A outra medida deferida foi a realização de audiência de custódia, porque, pela legislação brasileira, não há uma previsão específica sobre a sua realização, mas a Convenção Americana de Direitos Humanos prevê a referida audiência. Assim, o STF decidiu algo que já estava em uma Convenção da qual o Brasil é signatário. Repetiu, basicamente, algo que não precisava ser repetido.

Resumidamente, o STF deferiu duas medidas: uma que está prevista em lei (Lei do Fundo Penitenciário Nacional – LC n. 70/94) e outra que está em uma convenção da qual o Brasil é signatário (clique aqui).

O que foi indeferido?

Não deferiram, por exemplo, o pedido de determinação aos Juízes para que motivem as suas decisões quanto à prisão cautelar. Ora, o dever de motivar as decisões relativas à prisão está no art. 5º, LXI, da Constituição Federal. Não há dúvidas de que as decisões judiciais devem ser motivadas. Contudo, mesmo sendo algo tão óbvio, o pedido não foi deferido pela Suprema Corte.

Ainda que tenha determinado a liberação dos valores do fundo penitenciário e a realização de audiências de custódia, sabe-se que, no Brasil, há várias comarcas que não realizam tais audiências, argumentando, por exemplo, que há dificuldades logísticas e que não há Juízes suficientes.

Destarte, é necessário que a decisão do STF tenha algum peso. É imprescindível que o reconhecimento do Estado de Coisas Inconstitucional tenha algum efeito prático. Caso contrário, o Tribunal do topo do Poder Judiciário brasileiro não terá decidido nada. Apenas terá declarado (ou repetido o que está na legislação) algo que não tem/terá repercussão prática.

Durante a graduação, um professor me disse que, quando um cliente pergunta ao Advogado sobre algum caso referente à área criminal, não se deve responder qual é a natureza do crime (material, formal ou de mera conduta, por exemplo), se ele é um crime de tendência interna transcendente ou se é necessário argumentar sobre a inexistência de “periculum libertatis” e “fumus commissi delicti”. Não é necessário que o Advogado demonstre todo o seu conhecimento jurídico, porque a única coisa que o cliente quer saber é se ele será preso ou não. O que realmente importa para o investigado, réu ou apenado é o efeito prático ou a consequência do que foi decidido.

Portanto, é nesse sentido que devemos pensar.

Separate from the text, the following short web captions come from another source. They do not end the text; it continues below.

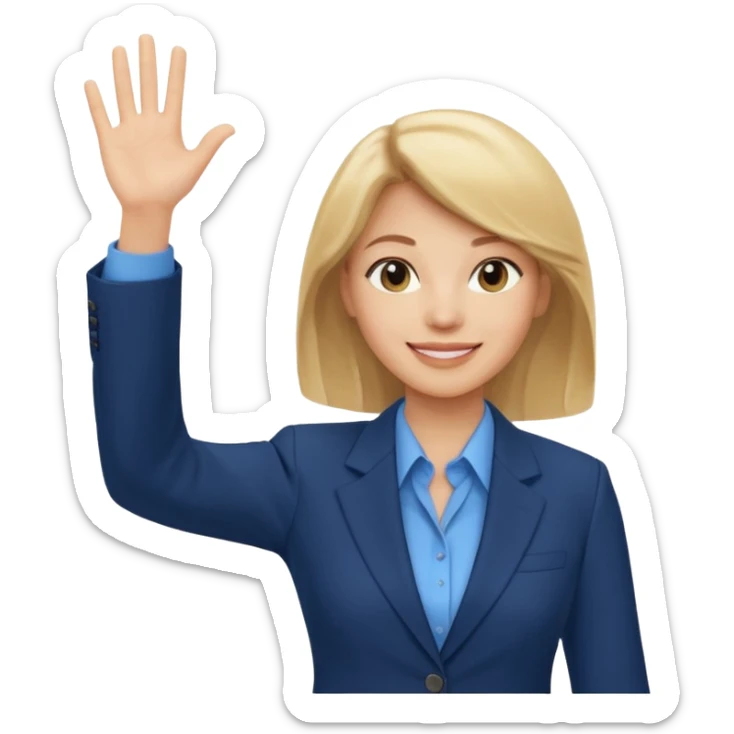 Make emoji of business woman with light skin and medium blonde hair in a dark blue business suit and light blue shirt waiving to new clients sticker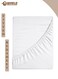 White Microfiber Fitted Bedsheet with Deep Pocket for a Snug Fit, Breathable, Machine Washable for Optimal Protection, Available in King, Queen and Single Sizes, Without Pillow Cover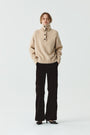KIMMATIN Slim Boots Cut Corduroy Pants — Brown
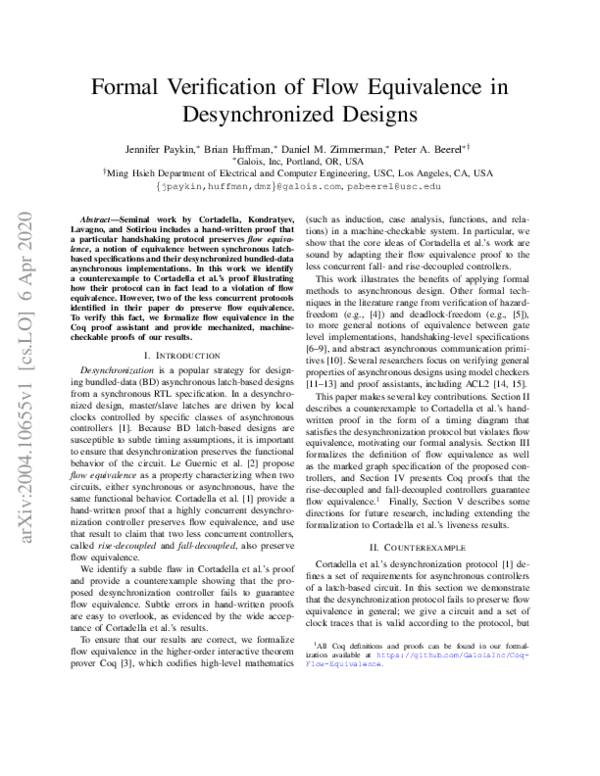 (PDF) Formal Verification of Flow Equivalence in Desynchronized Designs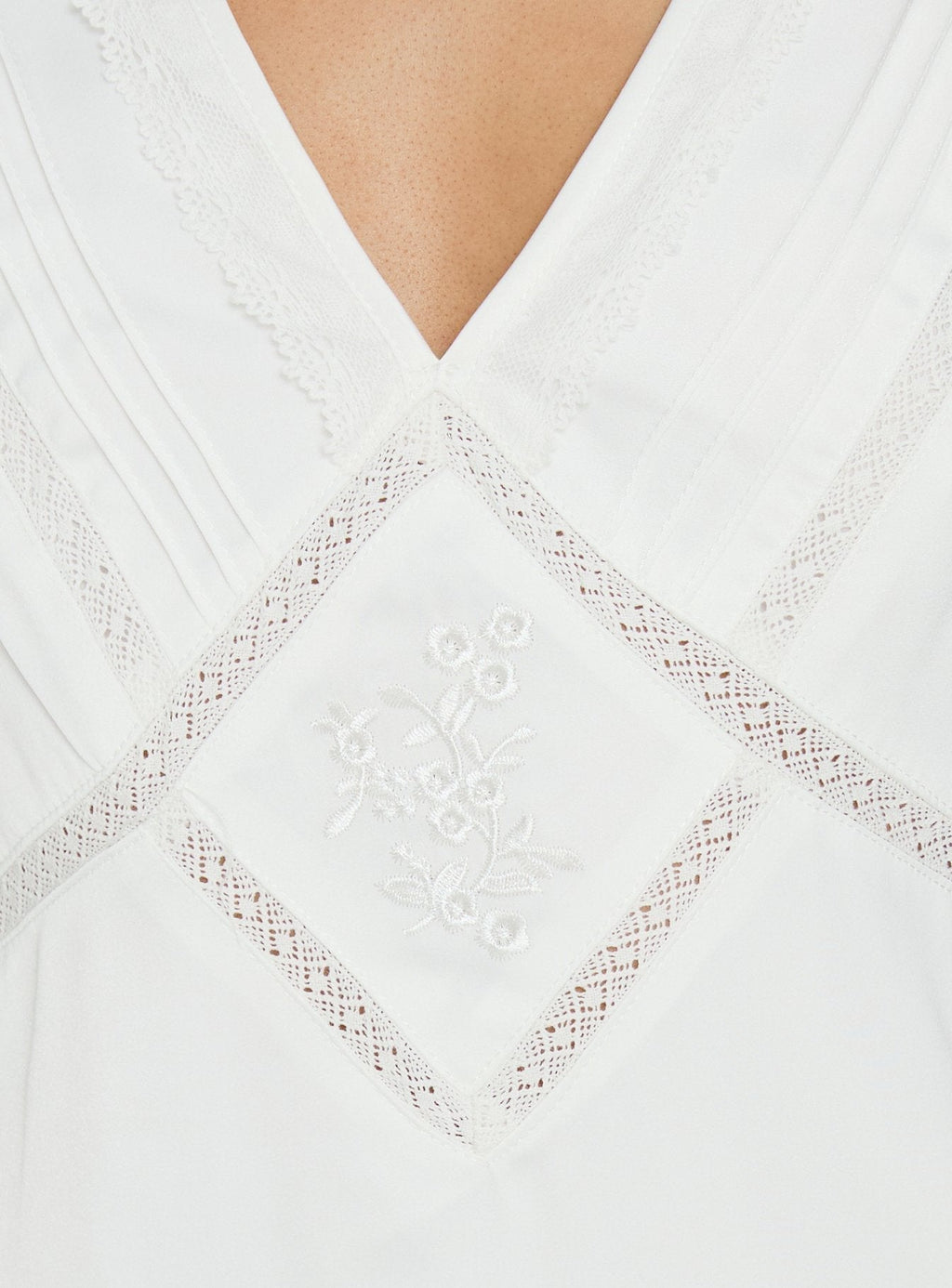 Holii Plunge Neck Embellished Mini Dress White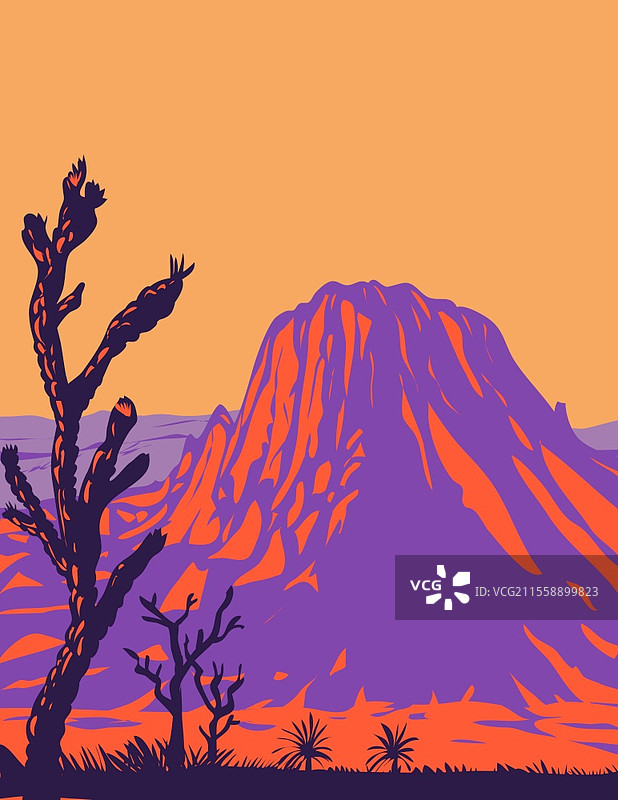 德克萨斯州布鲁斯特和普雷西迪县的比格本德州立公园与里奥格兰德上的索拉里托峰的WPA海报艺术。图片素材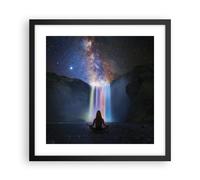Cuadro Poster de Pared 40x40cm Póster Marco Cascada Las Estrellas Meditación Art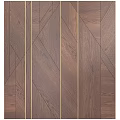 Elegant Modern Wooden Wall Panel With Geometric Pattern And Golden Lines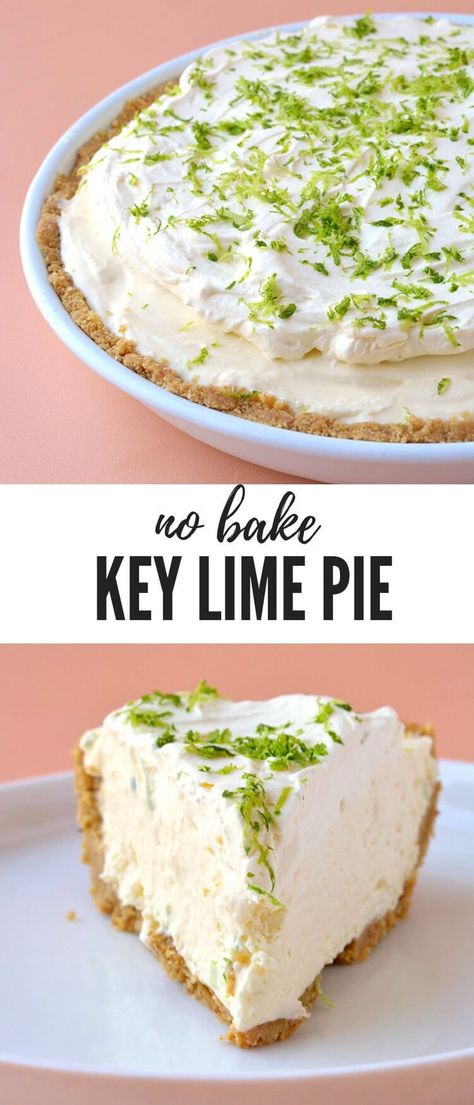 The most AMAZING No Bake Key Lime Pie with a gorgeous lime cheesecake filling and a crunchy cookie crust. It's easy, quick and oh-so-delicious. Recipe from sweetestmenu.com #pie #cheesecake #lime #nobake #dessert Lime Dessert Recipes, No Bake Key Lime Pie, No Bake Key Lime, Nobake Dessert, Lime Desserts, Kek Lapis, Easy Dessert Recipes Quick, Nutella Desserts, Keylime Pie Recipe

Não tem utilidade que o STF reconheça algo tão importante – o Estado de Coisas Inconstitucional -, que já havia sido reconhecido na Colômbia, por exemplo, quanto a direitos previdenciários de professores, e não dê utilidade prática a esse tipo de decisão.

Nós, Criminalistas, devemos defender que isso tenha algum peso, isto é, que as palavras proferidas pela Corte em favor dos presos (ainda que sejam apenas uma repetição da Constituição e da Convenção Americana de Direitos Humanos) tenham um peso e que não se use uma expressão (Estado de Coisas Inconstitucional), como se esse termo servisse para qualquer coisa e não tivesse força para mudar o “status quo”.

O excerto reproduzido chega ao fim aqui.